Provided records:
------------
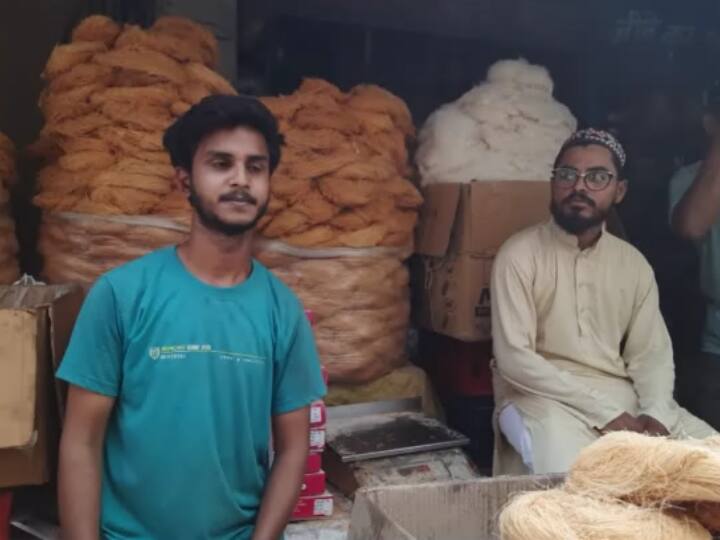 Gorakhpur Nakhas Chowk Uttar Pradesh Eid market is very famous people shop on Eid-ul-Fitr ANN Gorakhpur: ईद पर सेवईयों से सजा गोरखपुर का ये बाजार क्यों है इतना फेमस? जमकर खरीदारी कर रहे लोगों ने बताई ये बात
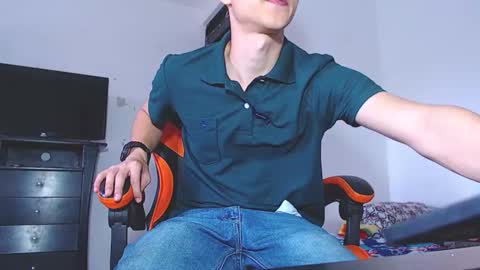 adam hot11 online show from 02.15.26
------------
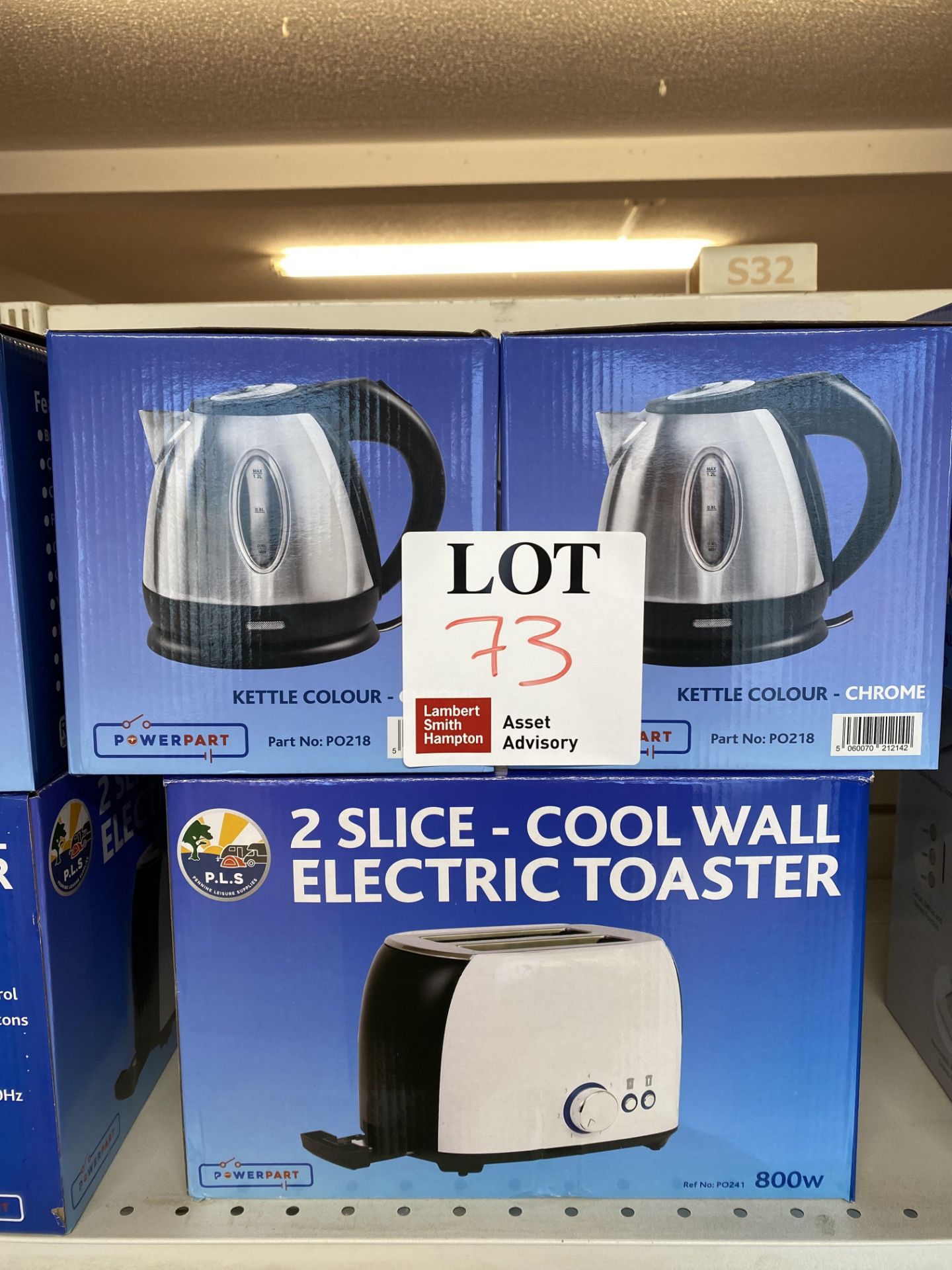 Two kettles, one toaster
------------
Work item: Output exactly the stretch of the listing that begins at the line containing "Gorakhpur Nakhas Chowk" and ends at the line containing "adam hot11 online show from 02.15.26", both kept. Omit pictures and everything else.

Reply to the task:
 Gorakhpur Nakhas Chowk Uttar Pradesh Eid market is very famous people shop on Eid-ul-Fitr ANN Gorakhpur: ईद पर सेवईयों से सजा गोरखपुर का ये बाजार क्यों है इतना फेमस? जमकर खरीदारी कर रहे लोगों ने बताई ये बात
 adam hot11 online show from 02.15.26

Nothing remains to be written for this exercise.